The Github import functionality is good at importing issues that come back from the github graphql api and
finding any pre-existing versions of said issues in the dstask database, and updating them (because it can find them by generating the UUID which is deterministically derived from immutable properties - the repo name, owner and ticket id)

What it is not good at, is updating tasks that were once generated from a github import, but now no longer come back in the query results. Such issues are simply left untouched, just like all other dstask issues.

This can happen when:

  • you change your import configuration, and e.g. remove a repository or change the assignee, label or milestone matchers.
  • ticket may have been changed to no longer match the query (e.g. your import config looks for issues with a certain assignee, but the assignee is removed or changed on github)

Both cases leave you with local tasks that you simply don't care about anymore. Maybe there are updates for them (e.g. maybe the issue has been closed on github while the task is still open/pending in dstask, or there's more information in the summary, or whatever)

My suggestion here is that any such tasks should simply all be deleted from the dstask database.
This means that dstask needs to find all github-imported tasks in its repo, in order to delete those that have a UUID that we didn't see in our github api responses. There's 2 issues here:

  1. For active, paused, etc tasks we can easily scan all files in those directories. But any tasks that were already resolved, are in a directory which can grow arbitrarily large. A user generally cares less about the accuracy of tasks that have been resolved and "out of their scope" (per the import config), but still, it's iffy to keep them out of sync (especially since they might be reopened on the github side)
  2. We have no way to distinguish GH imported tickets vs any others, once they have been imported, since users can have arbitrary templates to populate their content.

We can solve this in a few ways....

  1. have the user declare "search patterns" based on summary, tags, etc to let us find the right files.

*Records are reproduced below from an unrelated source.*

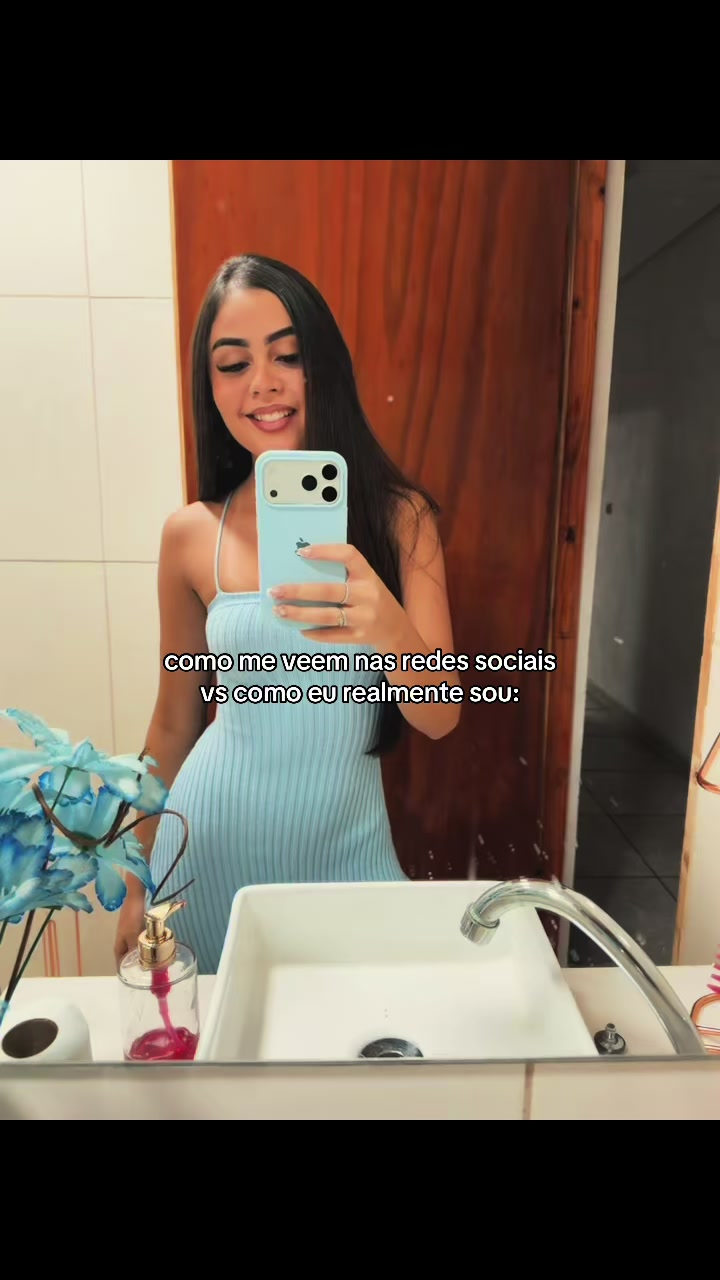 @Rodrigues 💘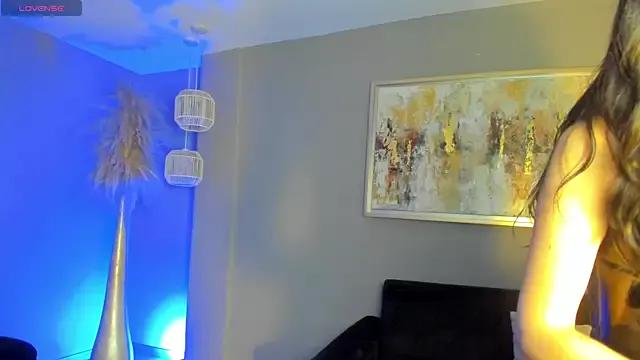 Teen sex cams free adult cams: check-out the satisfaction of conversing and c2c with our stunning models, who will teach you all about seduction and dreams with their smoking hot shapes.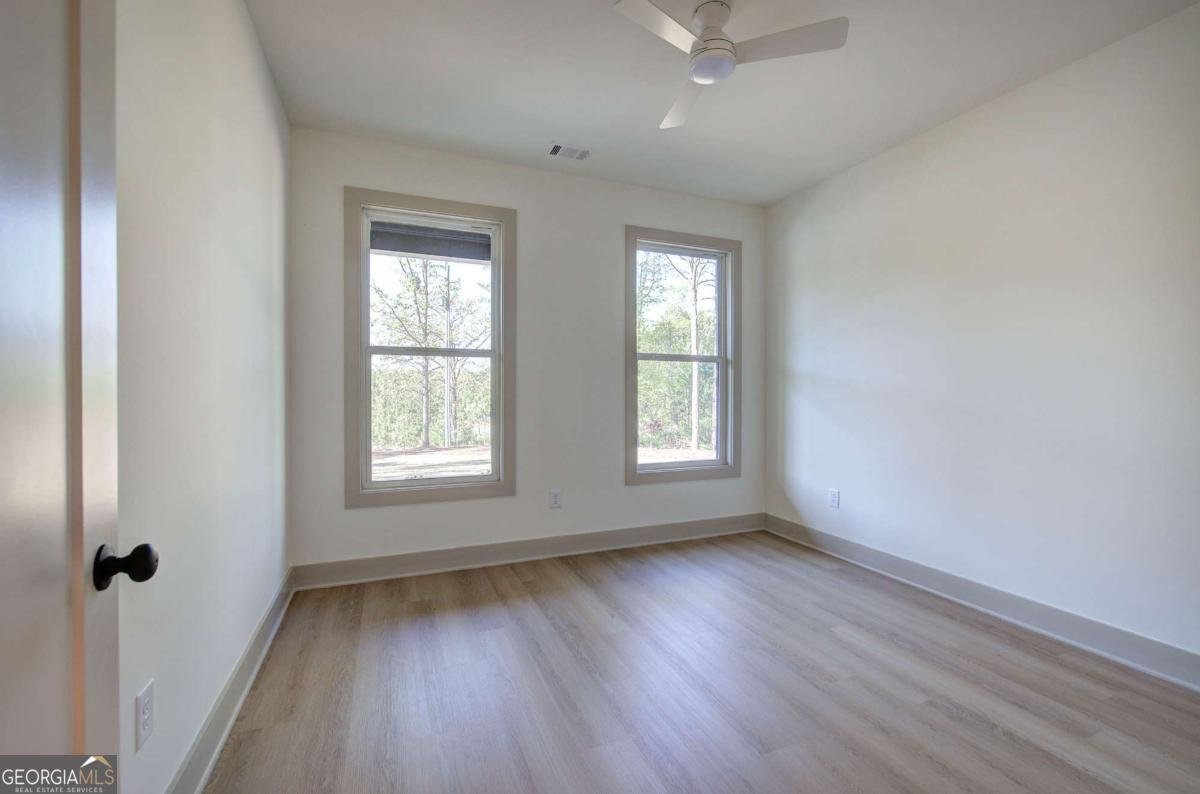 1878 Cochran Road Dallas - 36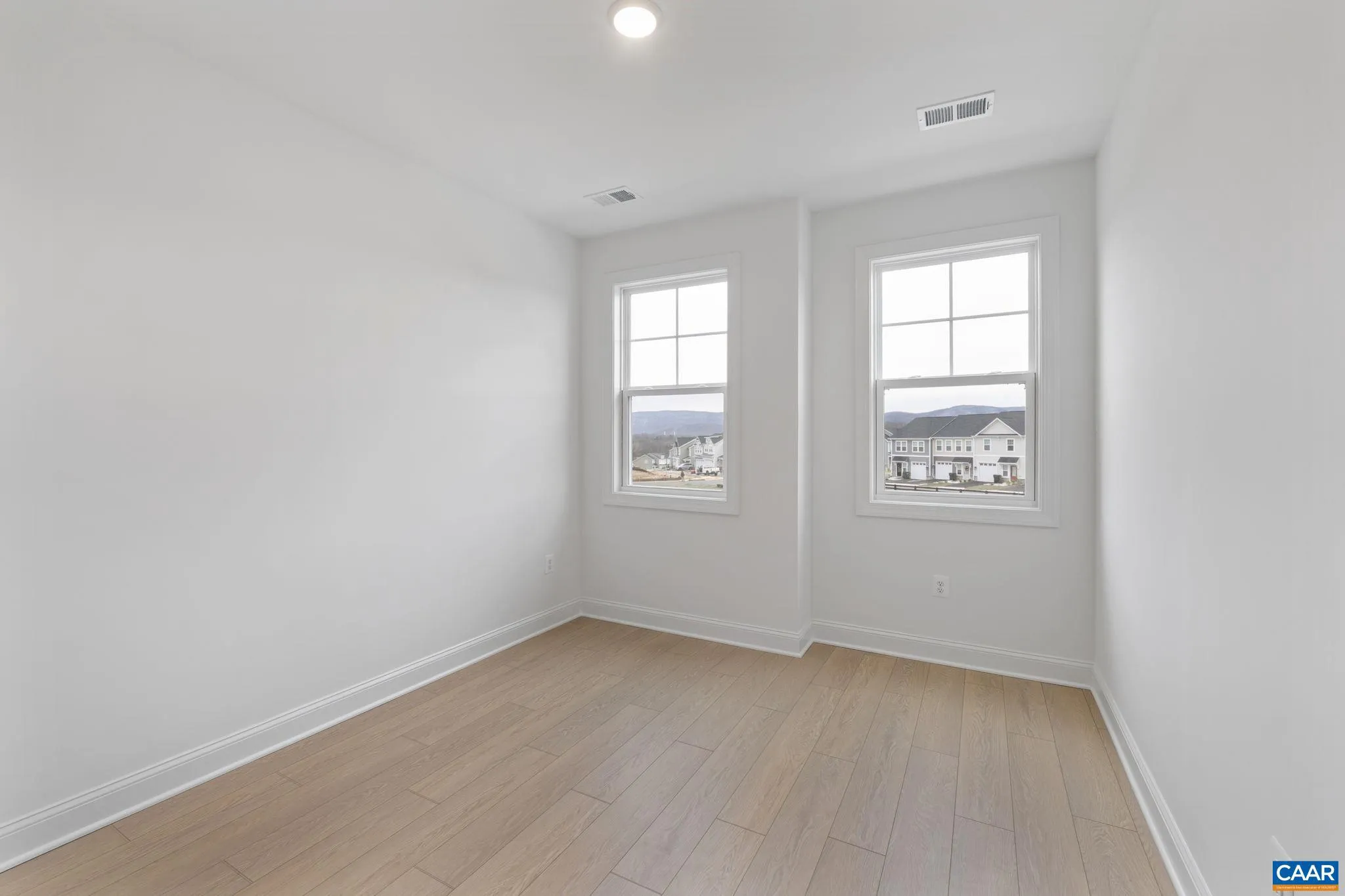 Additional image 70 of 135 Springdale Rd, Waynesboro, VA 22980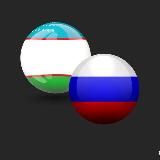 Логотип @fnkauzross - Янгиликлар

They have to make sure the patterns match their defined templates, which is clunky, not definitive (they could still manually make tasks that look like GH tasks), and still requires scanning.
  2. we could add a special property to GH-derived tasks, or give those UUID's a special prefix. still requires some scanning...
  3. we could make an additional directory which holds symlinks to all GH-imported tasks. This would be a bit clunky too because we'd need to update the symlinks as the tasks change states and move directories (which are code paths that i would like to keep unaware of any github import stuff), or if the symlink doesn't resolve, look for those filenames in the other directories
  4. keep a file which holds the UUID's/filenames of all github imported tasks (with the same tradeoffs as the option above)

My preferred option is 4 because it's simple, lightweight and doesn't touch any non-github/import related code.

I think the file should go in the database directory and we should commit (and thus also sync) any updates.
Anything less (e.g. not committing/syncing), or keeping the file in $XDG_CACHE_DIR means the file may be out of data and/or deleted and need reprovisioning, which brings us back to "how can we recognize the revelant tasks"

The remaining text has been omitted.